Suit la morale explicite, reconnaissable à son présent gnomique qui annonce une vision universelle, générale : SE PLAIT / TRAVAILLE. L’allégorie (majuscule)
de la FORTUNE (autre nom pour destin) rappelle la morale antique de l’hybris châtié par les dieux ; cette imitation de l’Antiquité – déjà par l’allusion
mythologique de la guerre de Troie – est caractéristique du classicisme, les Anciens étant considérés comme des modèles. L’adj épithète INSOLENT a un sens
large, celui de clamer haut et fort sa supériorité, de la faire sentir aux autres. C’est le type même de l’anti-honnête homme, et souvent celui des nobles de
l’époque, que La Fontaine avertit de manière implicite en se cachant sous la généralité (TOUT). Le dernier vers de la morale se rapproche du lecteur avec le
pronom de la 1e p plur NOUS répété 2X. En incluant l’auteur et le lecteur, il s’adresse au genre humain sous la forme d’un avertissement (2 impératifs :
DEFIONS/PRENONS – rythme binaire insistant) : comme le SORT (autre mot pour la FORTUNE, le destin) est imprévisible (il faut s’en méfier : SE DEFIER DE), il
vaut mieux être prudent (PRENDRE GARDE) et ne pas le provoquer par des actions inconsidérées. Le sens final est plus large que celui des deux vers
précédents, et rappelle une règle classique : faire appel à la Raison , prudente, plutôt qu’à l’impétuosité, l’impulsivité de nos passions. Si nous sommes
maîtres de nous-même, peut-être le Sort cruel nous oubliera-t-il (il est considéré ici dans sa version antique, personnifié) : la diérèse sur le verbe DEFI-ONS
insiste sur la dangerosité et la malignité du destin qui tourne facilement (vision antique et tragique de la condition humaine) : un vainqueur peut facilement
devenir vaincu, comme un vaincu vainqueur, nous ne sommes pas maîtres du destin… Le récit imaginaire se termine donc sur une pensée philosophique…

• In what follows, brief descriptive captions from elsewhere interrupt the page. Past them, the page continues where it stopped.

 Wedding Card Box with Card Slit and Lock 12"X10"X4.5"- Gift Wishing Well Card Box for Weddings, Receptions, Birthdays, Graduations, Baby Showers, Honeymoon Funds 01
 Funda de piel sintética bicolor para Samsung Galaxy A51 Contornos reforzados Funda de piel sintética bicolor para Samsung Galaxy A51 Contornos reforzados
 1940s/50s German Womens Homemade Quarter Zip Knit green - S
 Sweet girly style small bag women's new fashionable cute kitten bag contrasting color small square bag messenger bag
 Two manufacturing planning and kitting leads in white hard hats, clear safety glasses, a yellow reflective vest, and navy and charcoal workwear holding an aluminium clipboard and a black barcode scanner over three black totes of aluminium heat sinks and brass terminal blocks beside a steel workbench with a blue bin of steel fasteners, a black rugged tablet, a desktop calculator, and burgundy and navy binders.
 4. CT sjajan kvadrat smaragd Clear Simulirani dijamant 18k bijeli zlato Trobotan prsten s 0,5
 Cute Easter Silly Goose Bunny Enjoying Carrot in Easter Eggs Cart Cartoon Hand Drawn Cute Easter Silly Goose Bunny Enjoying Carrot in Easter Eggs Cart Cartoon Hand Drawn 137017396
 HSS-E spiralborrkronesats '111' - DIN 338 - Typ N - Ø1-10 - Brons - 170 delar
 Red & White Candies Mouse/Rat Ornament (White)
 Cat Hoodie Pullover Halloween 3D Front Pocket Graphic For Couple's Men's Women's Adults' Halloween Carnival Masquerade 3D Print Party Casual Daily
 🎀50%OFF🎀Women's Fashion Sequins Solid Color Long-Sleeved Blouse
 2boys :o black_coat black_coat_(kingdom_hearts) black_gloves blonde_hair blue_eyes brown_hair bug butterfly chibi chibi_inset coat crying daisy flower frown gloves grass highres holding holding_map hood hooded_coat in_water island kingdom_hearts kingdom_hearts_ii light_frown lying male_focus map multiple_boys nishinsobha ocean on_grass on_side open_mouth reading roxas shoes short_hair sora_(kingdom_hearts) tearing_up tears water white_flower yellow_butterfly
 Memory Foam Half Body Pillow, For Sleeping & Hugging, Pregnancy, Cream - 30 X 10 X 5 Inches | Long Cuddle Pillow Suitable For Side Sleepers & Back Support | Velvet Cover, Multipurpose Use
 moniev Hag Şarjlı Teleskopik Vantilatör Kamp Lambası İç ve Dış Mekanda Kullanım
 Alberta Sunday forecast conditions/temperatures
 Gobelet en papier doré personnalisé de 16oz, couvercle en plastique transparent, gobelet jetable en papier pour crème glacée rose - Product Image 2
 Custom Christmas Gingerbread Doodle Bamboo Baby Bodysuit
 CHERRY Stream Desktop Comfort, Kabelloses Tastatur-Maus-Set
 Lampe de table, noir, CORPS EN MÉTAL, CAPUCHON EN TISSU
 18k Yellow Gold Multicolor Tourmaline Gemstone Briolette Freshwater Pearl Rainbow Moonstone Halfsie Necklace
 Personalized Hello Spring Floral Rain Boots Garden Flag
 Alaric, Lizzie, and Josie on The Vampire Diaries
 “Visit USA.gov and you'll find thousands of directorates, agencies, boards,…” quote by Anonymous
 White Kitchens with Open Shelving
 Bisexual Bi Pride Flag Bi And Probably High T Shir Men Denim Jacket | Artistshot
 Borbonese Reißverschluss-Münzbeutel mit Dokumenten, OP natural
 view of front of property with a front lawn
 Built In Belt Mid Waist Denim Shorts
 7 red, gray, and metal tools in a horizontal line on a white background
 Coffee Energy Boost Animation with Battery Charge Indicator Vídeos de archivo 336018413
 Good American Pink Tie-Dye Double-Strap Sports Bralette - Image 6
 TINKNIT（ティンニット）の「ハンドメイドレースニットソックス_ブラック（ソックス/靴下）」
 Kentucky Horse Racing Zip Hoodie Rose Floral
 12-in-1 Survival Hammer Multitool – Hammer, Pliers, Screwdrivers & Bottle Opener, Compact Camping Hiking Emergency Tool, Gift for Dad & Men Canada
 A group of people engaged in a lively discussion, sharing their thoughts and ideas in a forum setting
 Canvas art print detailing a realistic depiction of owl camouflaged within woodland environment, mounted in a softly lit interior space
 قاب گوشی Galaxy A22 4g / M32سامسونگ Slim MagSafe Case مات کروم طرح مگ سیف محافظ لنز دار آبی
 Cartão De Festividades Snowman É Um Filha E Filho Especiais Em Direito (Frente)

AINSI LA FABLE DE LA FONTAINE SEDUIT A LA FOIS PAR SON HUMOUR DEPLACANT LES RELATIONS ENTRE HOMMES ET FEMMES
DANS LE CADRE D’UNE BASSE-COUR DIGNE D’HOMERE, ET PAR SON ELARGISSEMENTFINAL QUI ELEVE LA PENSEE JUSQU’AU
DOMAINE PHILOSOPHIQUE.
EN EFFET, « LES DEUX COQS » SONT UNE VARIATION SUR UN TOPOS MORAL : LE THEME ETERNEL DE LA ROUE DE LA FORTUNE,
QUI TOUCHE DE PREFERENCE CEUX QUI SONT AU SOMMET, ET QUI S’EN VANTENT. MAIS CETTE LEÇON DE MORALE EST
AGREMENTEE DU CHARME DISCRET D’UNE PARODIE DES GRANDS GENRES : PARODIE DE L’ILIADE, ET PAR CONSEQUENT DES
REGISTRES TRAGIQUE ET EPIQUE. CAR LA FONTAINE, EN HONNETE HOMME, N’OUBLIE PAS LES GOUTS NI LA CULTURE DE SON
PUBLIC, ET SAIT QUE POUR PERSUADER IL FAUT COMMENCER PAR PLAIRE. IL JOUE DONC A LA FOIS LE ROLE DIDACTIQUE DU
MORALISATEUR PARLANT A L’HOMME UNIVERSEL DE LA VANITE DE TOUTES CHOSES ET DE LA FOLIE DE TOUTES PRETENTIONS
(COMME DANS BEAUCOUP DE SES FABLES), MAIS IL INCARNE EGALEMENT L’IDEAL CLASSIQUE DE L’HONNETE HOMME, TANT PAR
SA CRITIQUE DE LA DEMESURE QUE PAR LA FAÇON DE FAIRE PASSER SON MESSAGE, QUI MELE L’UTILE A L’AGREABLE ET NE
FAIT PAS PESER LA MORALE. C’EST DONC L’APOLOGUE QU’IL CHOISIT, QUI ALLIE VIVACITE DU RECIT ET MESSAGE DIDACTIQUE
EET PERMET D’INTRODUIRE LA PENSEE DANS L’IMAGINAIRE.